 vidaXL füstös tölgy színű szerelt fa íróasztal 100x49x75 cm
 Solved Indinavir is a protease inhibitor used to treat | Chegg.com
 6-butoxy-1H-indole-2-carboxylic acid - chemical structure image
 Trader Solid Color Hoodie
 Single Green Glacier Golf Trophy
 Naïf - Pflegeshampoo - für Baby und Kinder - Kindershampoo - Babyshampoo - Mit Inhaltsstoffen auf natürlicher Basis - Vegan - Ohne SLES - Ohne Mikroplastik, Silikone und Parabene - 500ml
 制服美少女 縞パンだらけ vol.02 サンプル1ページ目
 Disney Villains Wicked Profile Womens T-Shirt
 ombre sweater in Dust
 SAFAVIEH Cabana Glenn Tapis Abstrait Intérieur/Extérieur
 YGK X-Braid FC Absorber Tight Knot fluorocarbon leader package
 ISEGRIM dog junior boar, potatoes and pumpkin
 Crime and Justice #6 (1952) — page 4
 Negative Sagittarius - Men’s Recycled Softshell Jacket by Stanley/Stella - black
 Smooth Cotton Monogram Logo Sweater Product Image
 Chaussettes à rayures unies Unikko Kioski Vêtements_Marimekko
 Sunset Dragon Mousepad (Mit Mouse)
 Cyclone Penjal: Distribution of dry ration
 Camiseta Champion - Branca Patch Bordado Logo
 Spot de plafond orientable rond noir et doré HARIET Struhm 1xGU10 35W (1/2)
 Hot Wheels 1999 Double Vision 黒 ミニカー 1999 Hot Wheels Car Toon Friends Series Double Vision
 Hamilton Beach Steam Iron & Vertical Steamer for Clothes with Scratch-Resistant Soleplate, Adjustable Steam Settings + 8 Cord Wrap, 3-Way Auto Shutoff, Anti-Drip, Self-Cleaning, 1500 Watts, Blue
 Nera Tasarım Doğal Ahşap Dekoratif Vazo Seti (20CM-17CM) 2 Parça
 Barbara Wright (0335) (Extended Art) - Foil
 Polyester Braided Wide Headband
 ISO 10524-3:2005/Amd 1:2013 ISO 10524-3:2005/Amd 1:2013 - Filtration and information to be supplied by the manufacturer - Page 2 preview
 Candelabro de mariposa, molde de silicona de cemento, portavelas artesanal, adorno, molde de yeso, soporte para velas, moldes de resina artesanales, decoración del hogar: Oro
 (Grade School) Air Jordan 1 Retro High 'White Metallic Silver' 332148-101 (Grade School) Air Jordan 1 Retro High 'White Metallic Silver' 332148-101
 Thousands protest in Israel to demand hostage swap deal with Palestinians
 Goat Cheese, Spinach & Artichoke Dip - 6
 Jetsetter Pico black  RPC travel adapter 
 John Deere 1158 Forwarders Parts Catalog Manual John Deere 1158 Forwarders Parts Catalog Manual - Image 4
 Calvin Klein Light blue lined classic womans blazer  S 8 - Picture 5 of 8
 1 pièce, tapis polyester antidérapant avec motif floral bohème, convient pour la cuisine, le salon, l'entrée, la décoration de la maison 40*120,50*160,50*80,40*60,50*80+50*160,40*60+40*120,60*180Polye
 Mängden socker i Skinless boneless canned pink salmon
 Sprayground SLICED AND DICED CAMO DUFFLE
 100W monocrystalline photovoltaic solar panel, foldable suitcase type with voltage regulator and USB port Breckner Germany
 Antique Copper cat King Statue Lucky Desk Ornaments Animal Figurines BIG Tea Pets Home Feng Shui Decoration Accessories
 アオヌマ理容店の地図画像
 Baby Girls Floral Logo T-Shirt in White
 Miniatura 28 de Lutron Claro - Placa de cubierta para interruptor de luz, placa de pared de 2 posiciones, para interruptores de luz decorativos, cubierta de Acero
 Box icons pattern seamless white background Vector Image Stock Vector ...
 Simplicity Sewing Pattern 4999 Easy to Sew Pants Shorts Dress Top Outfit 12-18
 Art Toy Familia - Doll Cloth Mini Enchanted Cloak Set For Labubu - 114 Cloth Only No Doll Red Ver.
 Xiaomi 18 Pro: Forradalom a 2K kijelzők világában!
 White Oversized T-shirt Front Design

----

* **Exercise directions**
Could you reproduce every record exactly as shown above?

* **Answer space**
 vidaXL füstös tölgy színű szerelt fa íróasztal 100x49x75 cm
 Solved Indinavir is a protease inhibitor used to treat | Chegg.com
 6-butoxy-1H-indole-2-carboxylic acid - chemical structure image
 Trader Solid Color Hoodie
 Single Green Glacier Golf Trophy
 Naïf - Pflegeshampoo - für Baby und Kinder - Kindershampoo - Babyshampoo - Mit Inhaltsstoffen auf natürlicher Basis - Vegan - Ohne SLES - Ohne Mikroplastik, Silikone und Parabene - 500ml
 制服美少女 縞パンだらけ vol.02 サンプル1ページ目
 Disney Villains Wicked Profile Womens T-Shirt
 ombre sweater in Dust
 SAFAVIEH Cabana Glenn Tapis Abstrait Intérieur/Extérieur
 YGK X-Braid FC Absorber Tight Knot fluorocarbon leader package
 ISEGRIM dog junior boar, potatoes and pumpkin
 Crime and Justice #6 (1952) — page 4
 Negative Sagittarius - Men’s Recycled Softshell Jacket by Stanley/Stella - black
 Smooth Cotton Monogram Logo Sweater Product Image
 Chaussettes à rayures unies Unikko Kioski Vêtements_Marimekko
 Sunset Dragon Mousepad (Mit Mouse)
 Cyclone Penjal: Distribution of dry ration
 Camiseta Champion - Branca Patch Bordado Logo
 Spot de plafond orientable rond noir et doré HARIET Struhm 1xGU10 35W (1/2)
 Hot Wheels 1999 Double Vision 黒 ミニカー 1999 Hot Wheels Car Toon Friends Series Double Vision
 Hamilton Beach Steam Iron & Vertical Steamer for Clothes with Scratch-Resistant Soleplate, Adjustable Steam Settings + 8 Cord Wrap, 3-Way Auto Shutoff, Anti-Drip, Self-Cleaning, 1500 Watts, Blue
 Nera Tasarım Doğal Ahşap Dekoratif Vazo Seti (20CM-17CM) 2 Parça
 Barbara Wright (0335) (Extended Art) - Foil
 Polyester Braided Wide Headband
 ISO 10524-3:2005/Amd 1:2013 ISO 10524-3:2005/Amd 1:2013 - Filtration and information to be supplied by the manufacturer - Page 2 preview
 Candelabro de mariposa, molde de silicona de cemento, portavelas artesanal, adorno, molde de yeso, soporte para velas, moldes de resina artesanales, decoración del hogar: Oro
 (Grade School) Air Jordan 1 Retro High 'White Metallic Silver' 332148-101 (Grade School) Air Jordan 1 Retro High 'White Metallic Silver' 332148-101
 Thousands protest in Israel to demand hostage swap deal with Palestinians
 Goat Cheese, Spinach & Artichoke Dip - 6
 Jetsetter Pico black  RPC travel adapter 
 John Deere 1158 Forwarders Parts Catalog Manual John Deere 1158 Forwarders Parts Catalog Manual - Image 4
 Calvin Klein Light blue lined classic womans blazer  S 8 - Picture 5 of 8
 1 pièce, tapis polyester antidérapant avec motif floral bohème, convient pour la cuisine, le salon, l'entrée, la décoration de la maison 40*120,50*160,50*80,40*60,50*80+50*160,40*60+40*120,60*180Polye
 Mängden socker i Skinless boneless canned pink salmon
 Sprayground SLICED AND DICED CAMO DUFFLE
 100W monocrystalline photovoltaic solar panel, foldable suitcase type with voltage regulator and USB port Breckner Germany
 Antique Copper cat King Statue Lucky Desk Ornaments Animal Figurines BIG Tea Pets Home Feng Shui Decoration Accessories
 アオヌマ理容店の地図画像
 Baby Girls Floral Logo T-Shirt in White
 Miniatura 28 de Lutron Claro - Placa de cubierta para interruptor de luz, placa de pared de 2 posiciones, para interruptores de luz decorativos, cubierta de Acero
 Box icons pattern seamless white background Vector Image Stock Vector ...
 Simplicity Sewing Pattern 4999 Easy to Sew Pants Shorts Dress Top Outfit 12-18
 Art Toy Familia - Doll Cloth Mini Enchanted Cloak Set For Labubu - 114 Cloth Only No Doll Red Ver.
 Xiaomi 18 Pro: Forradalom a 2K kijelzők világában!
 White Oversized T-shirt Front Design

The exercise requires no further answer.